TASK OBJECTIVE: Copy every entry word for word, but skip the pictures.

INPUT FOR THIS TASK:
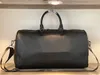 2023 حقيبة مصممة Big Travel Bag Men Huge Duffle Leather Leather Leather متاحة للرجال والنساء اتجاهات إطلاق جديدة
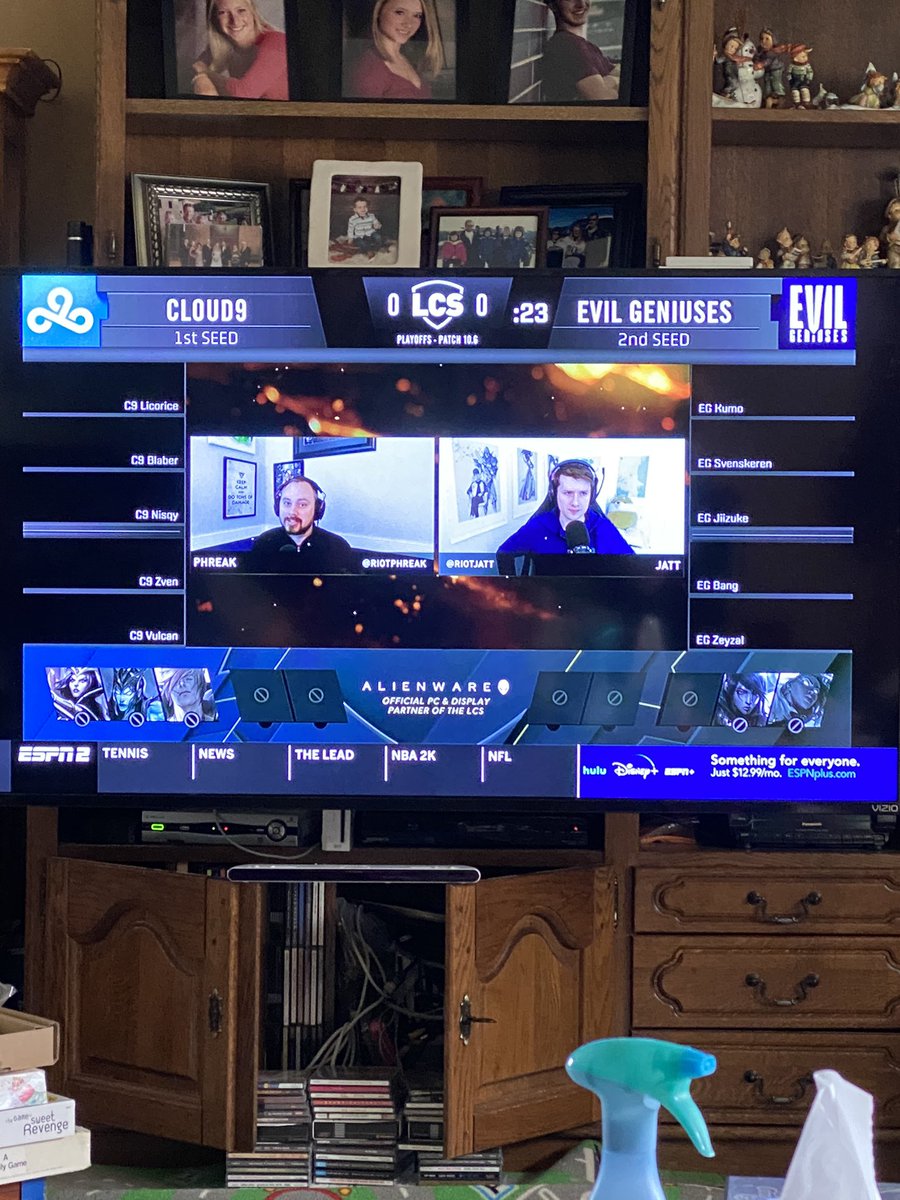 MyyNameIsJefff's tweet photo. Interested in what I stream? Tune into ESPN2 right now to watch the LCS SEMIFINALS PLAYOFFS of C9 vs EG! #esports #proscene https://t.co/9OcCA6wwrM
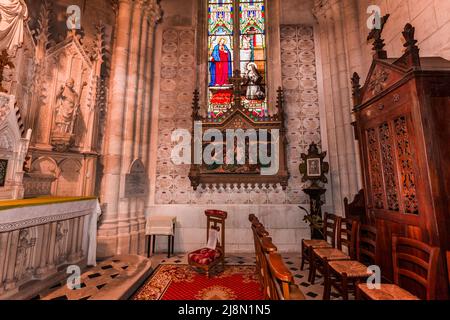 CHATEAUNEUF SUR CHER, FRANCIA, 09 APRILE 2022 : interni e dettagli architettonici della Basilica di nostra Signora dei Bambini Foto Stock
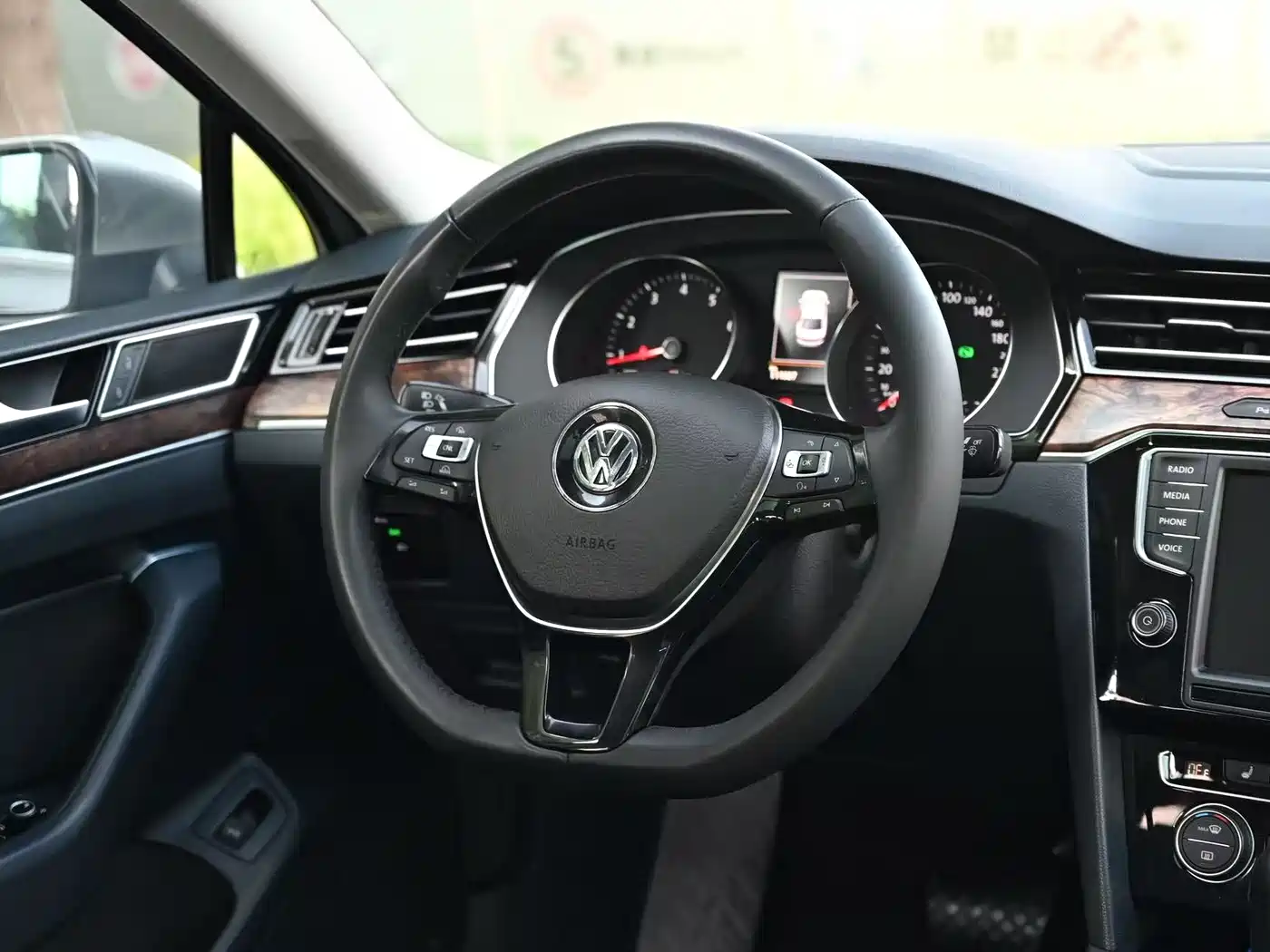 Volkswagen Magotan 2017 330TSI DSG Premium фото 7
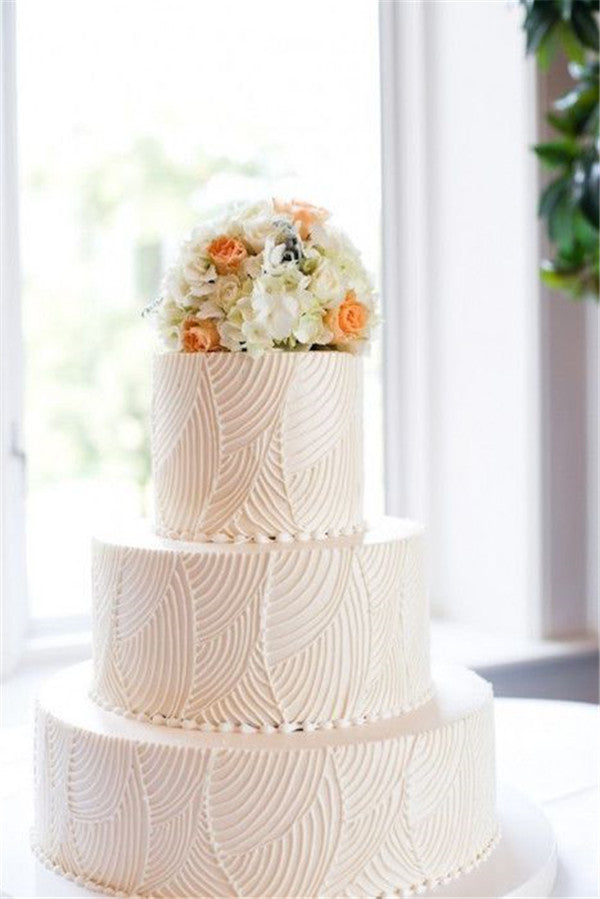 Buttercream Wedding Cakes To Stand Out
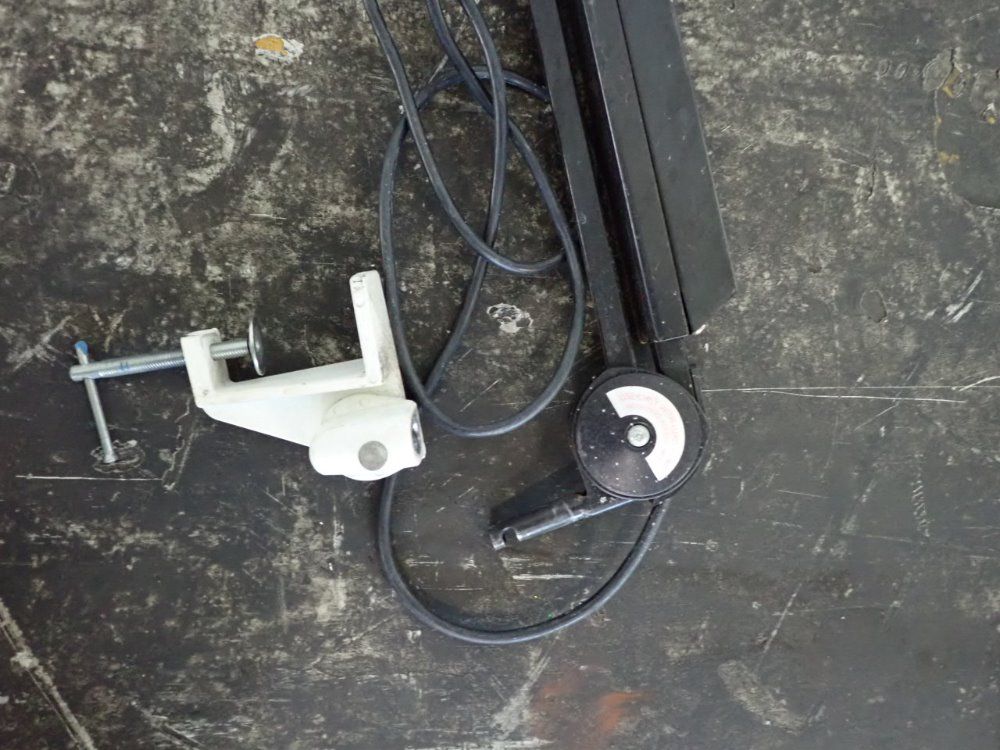 Luxo Magnifier /w Light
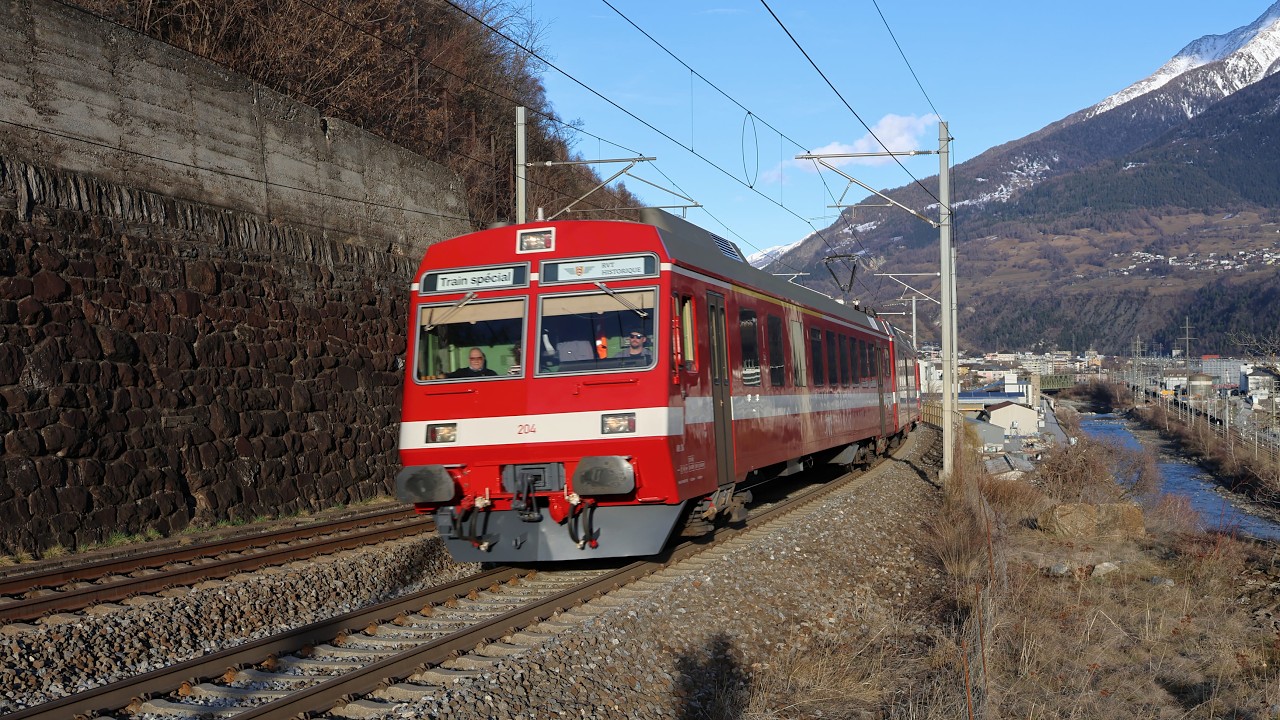 Бывший частный NPZ на линии Лёчберг – Специальный поезд с RVT RBDe 4/4 106 до Брига | SwissRails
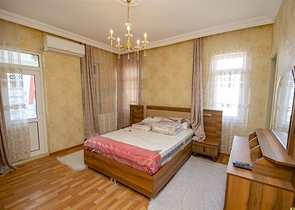 شقق واسعة  3 + 1 مع الأثاث 1 كم من البحر في لارا أنطاليا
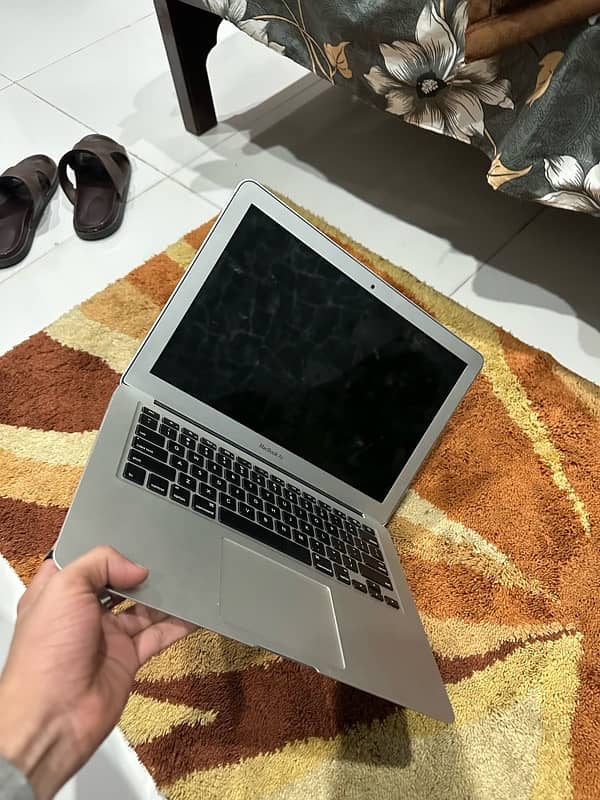 MACBOOK AIR (2014 EARLY) 8/256 SSD 6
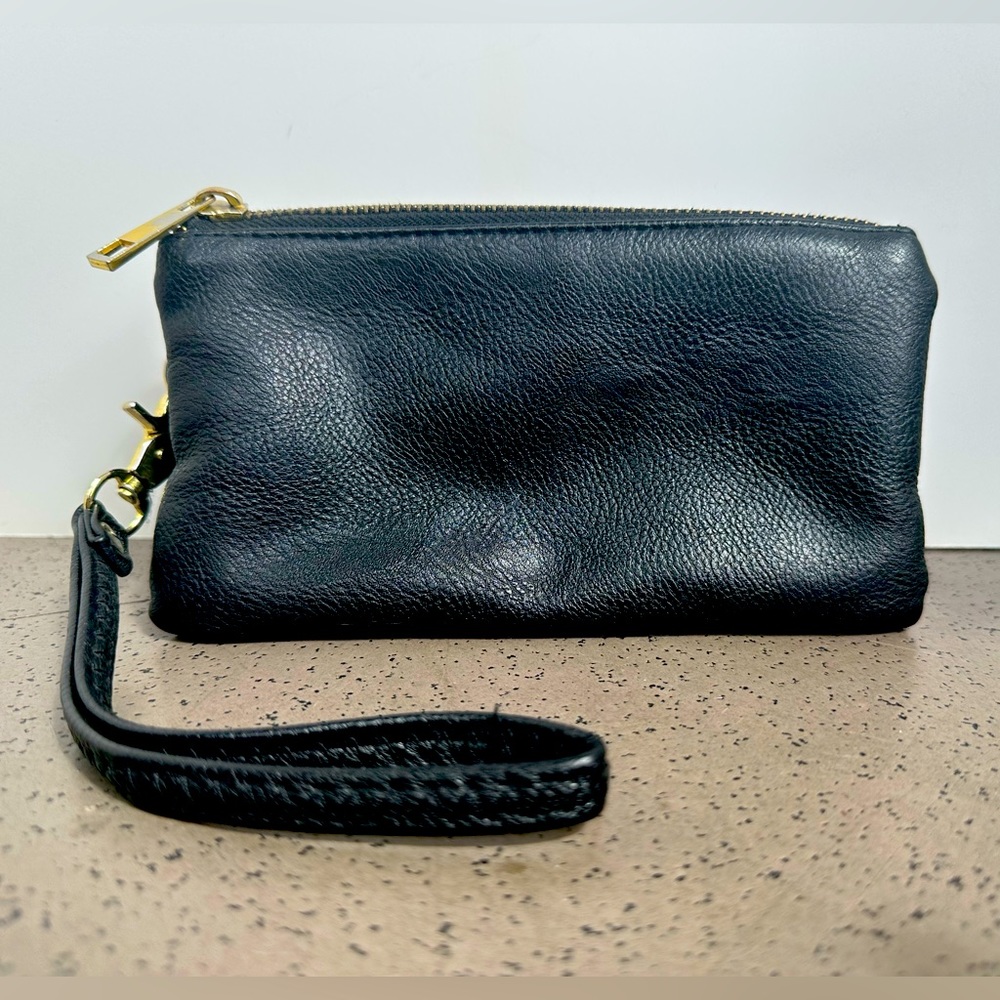 Black vegan wristlet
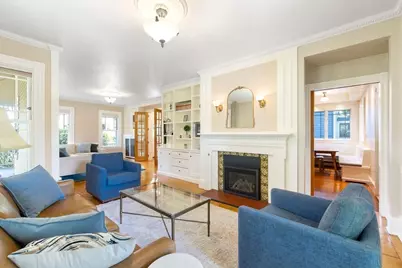 9 Spring Hill Road, Boston, MA 02136 - Photo 5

EXERCISE ANSWER:
 2023 حقيبة مصممة Big Travel Bag Men Huge Duffle Leather Leather Leather متاحة للرجال والنساء اتجاهات إطلاق جديدة
 MyyNameIsJefff's tweet photo. Interested in what I stream? Tune into ESPN2 right now to watch the LCS SEMIFINALS PLAYOFFS of C9 vs EG! #esports #proscene https://t.co/9OcCA6wwrM
 CHATEAUNEUF SUR CHER, FRANCIA, 09 APRILE 2022 : interni e dettagli architettonici della Basilica di nostra Signora dei Bambini Foto Stock
 Volkswagen Magotan 2017 330TSI DSG Premium фото 7
 Buttercream Wedding Cakes To Stand Out
 Luxo Magnifier /w Light
 Бывший частный NPZ на линии Лёчберг – Специальный поезд с RVT RBDe 4/4 106 до Брига | SwissRails
 شقق واسعة  3 + 1 مع الأثاث 1 كم من البحر في لارا أنطاليا
 MACBOOK AIR (2014 EARLY) 8/256 SSD 6
 Black vegan wristlet
 9 Spring Hill Road, Boston, MA 02136 - Photo 5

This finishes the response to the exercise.